- TASK ITEM
Set down exactly the lines from the one containing "b. To describe a tasty tomato soup." through the last line of the data below, and no others.

Stored records
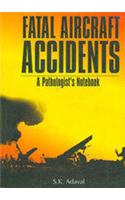 Fatal Aircraft Accidents:A Pathologist’S Notebook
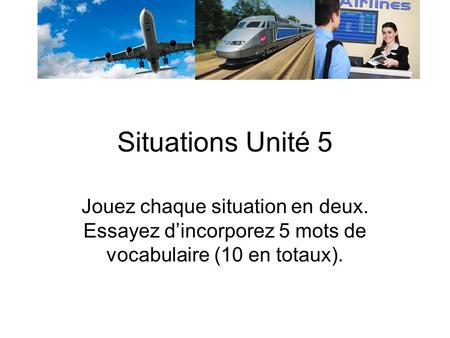 Situations Unité 5 Jouez chaque situation en deux. Essayez dincorporez 5 mots de vocabulaire (10 en totaux).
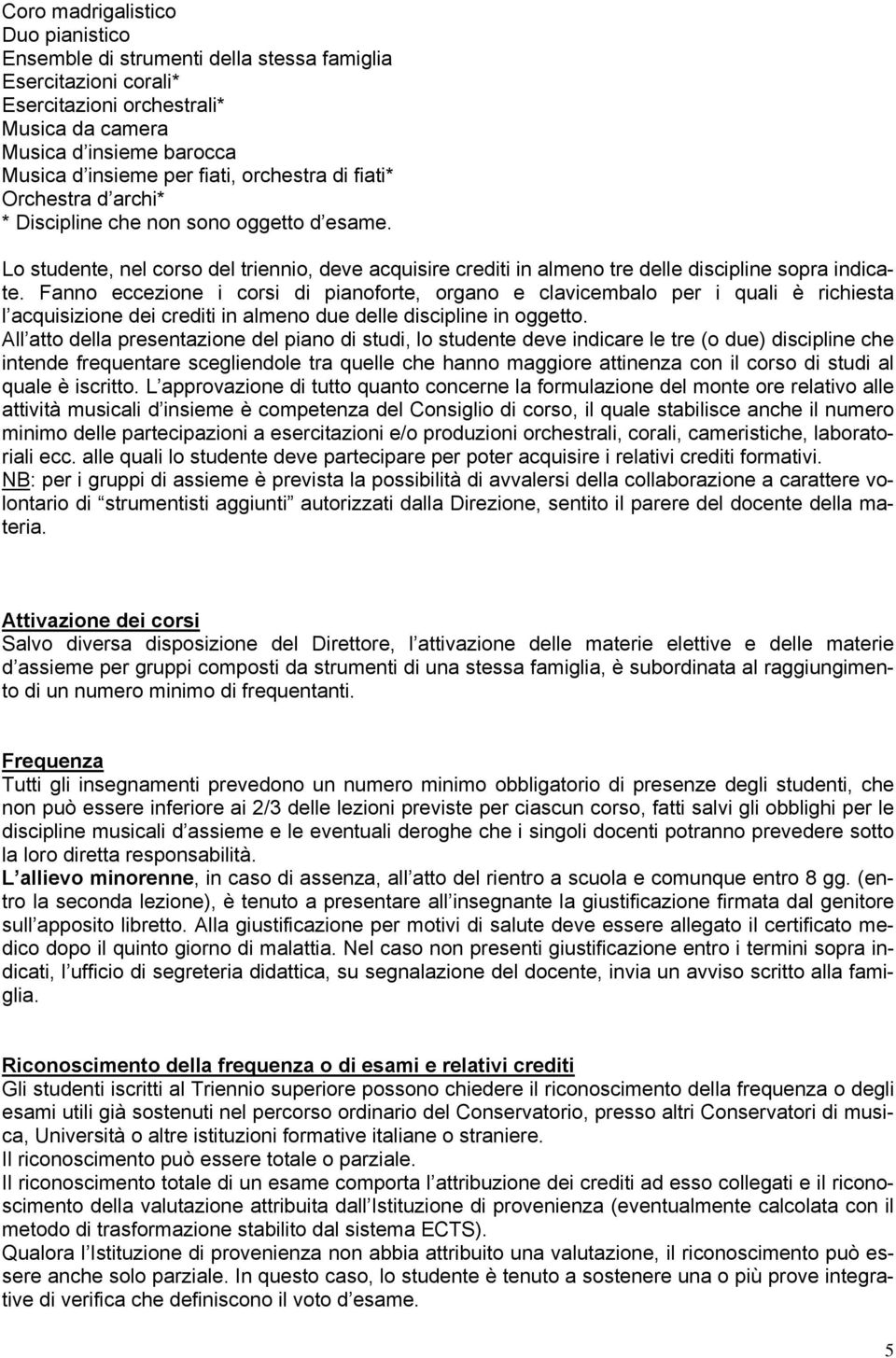 Fanno eccezione i corsi di pianoforte, organo e clavicembalo per i quali è richiesta l acquisizione dei crediti in almeno due delle discipline in oggetto.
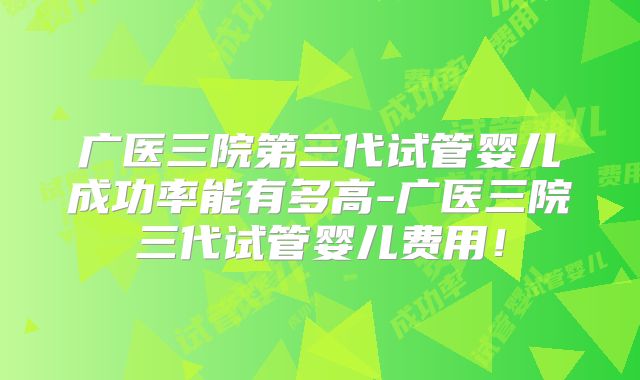 广医三院第三代试管婴儿成功率能有多高-广医三院三代试管婴儿费用！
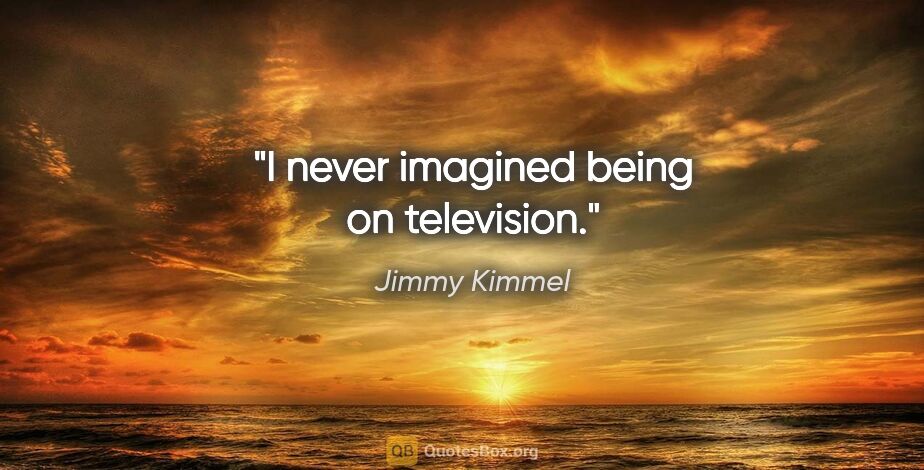 Jimmy Kimmel quote: "I never imagined being on television."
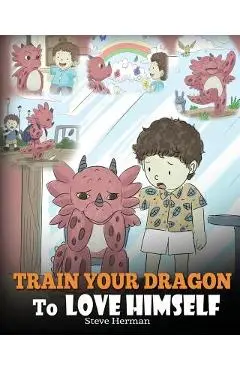Train Your Dragon To Love Himself: A Dragon Book To Give Children Positive Affirmations. A Cute Children Story To Teach Kids To Love Who They Are. - Steve Herman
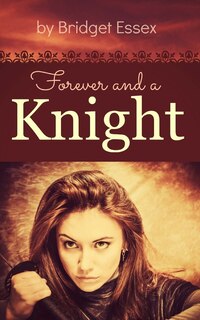 Front cover_Forever and a Knight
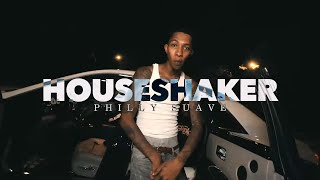 Philly Suave - Houseshaker (Shot By @Klovizionz)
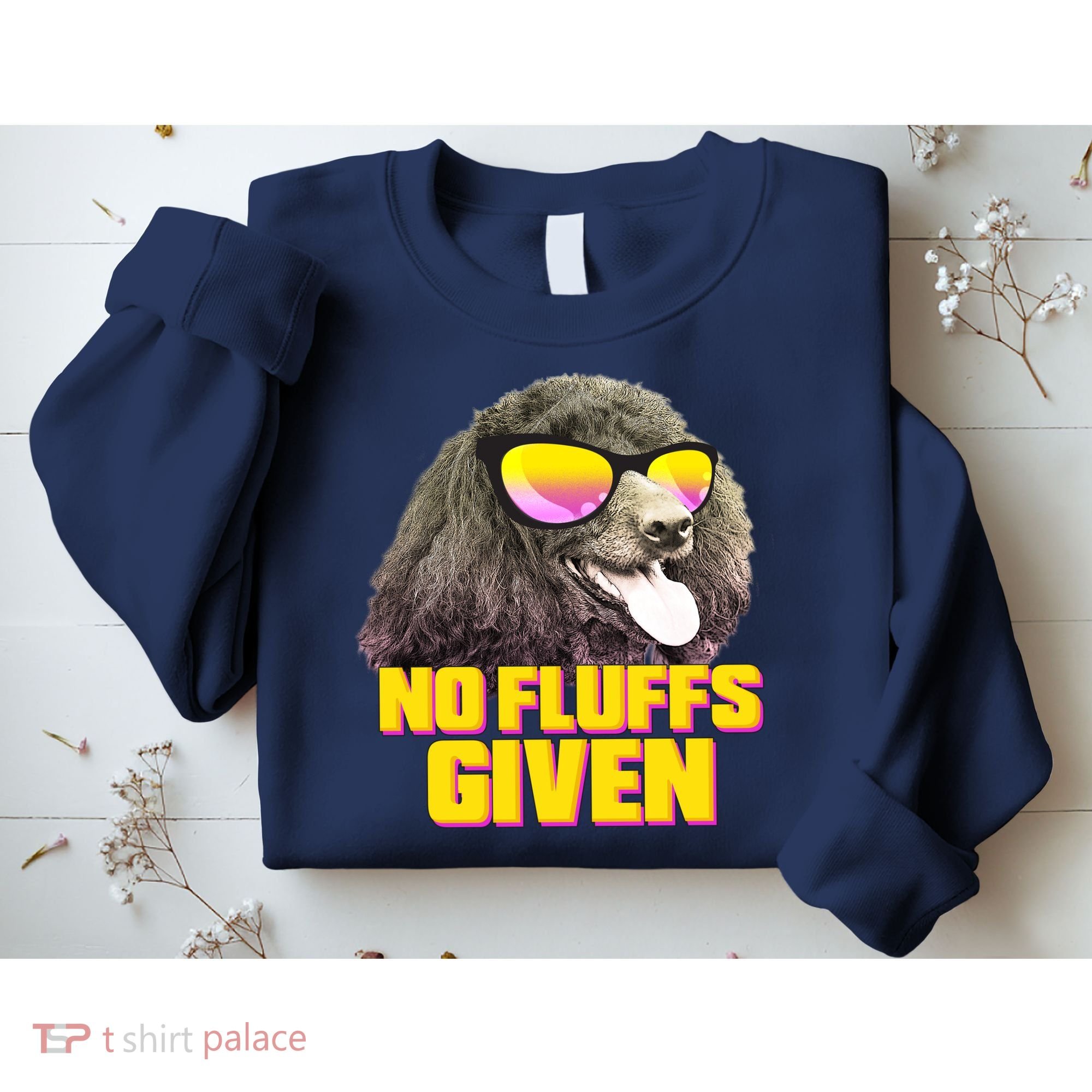 No Fluffs Given Poodle Sweatshirt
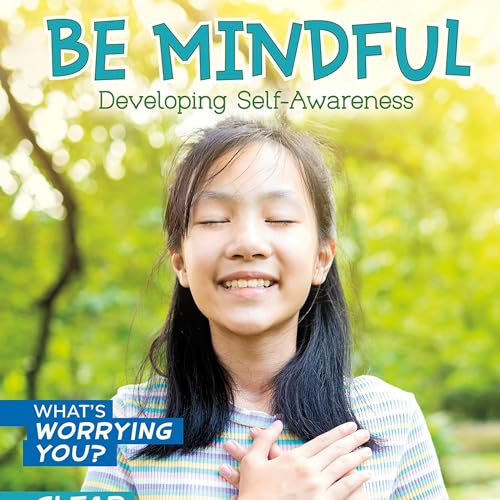 Cover of Be Mindful: Developing Self-Awareness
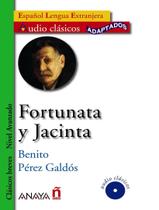 Livro - Fortunata Y Jacinta - Anaya Ele Lecturas Audio Clasicos Adaptados - Nivel Avanzado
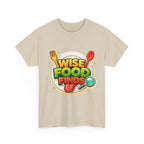 Wise Food Finds T-Shirt — Fun Food Lover Tee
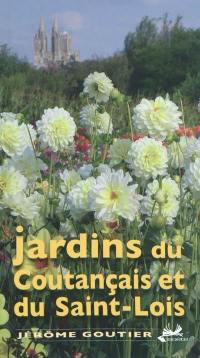 Jardins du Coutançais et du Saint-Lois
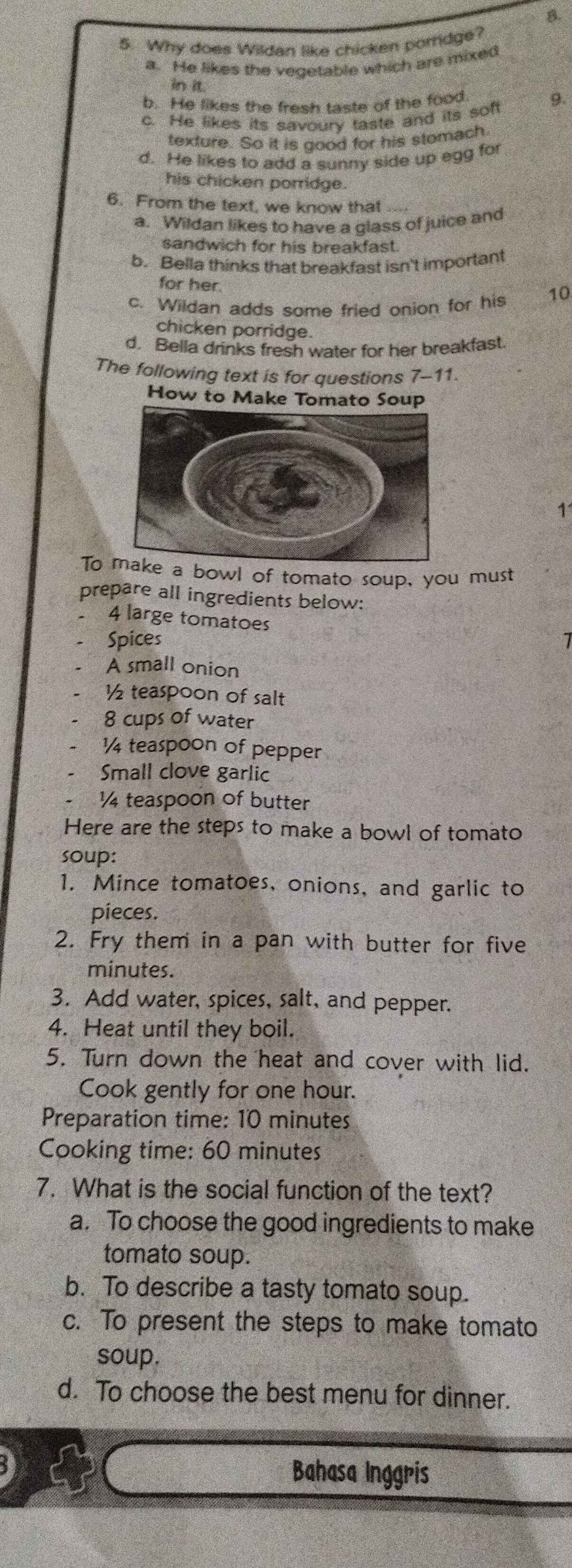 Why does Wildan like chicken portidge?
a. He likes the vegetable which are mixed
in it.
b. He likes the fresh taste of the food
9.
c. He likes its savoury taste and its soft
texture. So it is good for his stomach.
d. He likes to add a sunny side up egg for
his chicken porridge.
6. From the text, we know that
a. Wildan likes to have a glass of juice and
sandwich for his breakfast.
b. Bella thinks that breakfast isn't important
for her.
c. Wildan adds some fried onion for his 10
chicken porridge.
d. Bella drinks fresh water for her breakfast.
The following text is for questions 7-11.
How to Make Tomato Soup
1
To a bowl of tomato soup, you must
prepare all ingredients below:
4 large tomatoes
Spices
A small onion
½ teaspoon of salt
8 cups of water
½ teaspoon of pepper
Small clove garlic
¼ teaspoon of butter
Here are the steps to make a bowl of tomato
soup:
1. Mince tomatoes, onions, and garlic to
pieces.
2. Fry them in a pan with butter for five
minutes.
3. Add water, spices, salt, and pepper.
4. Heat until they boil.
5. Turn down the heat and cover with lid.
Cook gently for one hour.
Preparation time: 10 minutes
Cooking time: 60 minutes
7. What is the social function of the text?
a. To choose the good ingredients to make
tomato soup.
b. To describe a tasty tomato soup.
c. To present the steps to make tomato
soup.
d. To choose the best menu for dinner.
Bahasa Inggris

- ANSWER
b. To describe a tasty tomato soup.
c. To present the steps to make tomato
soup.
d. To choose the best menu for dinner.
Bahasa Inggris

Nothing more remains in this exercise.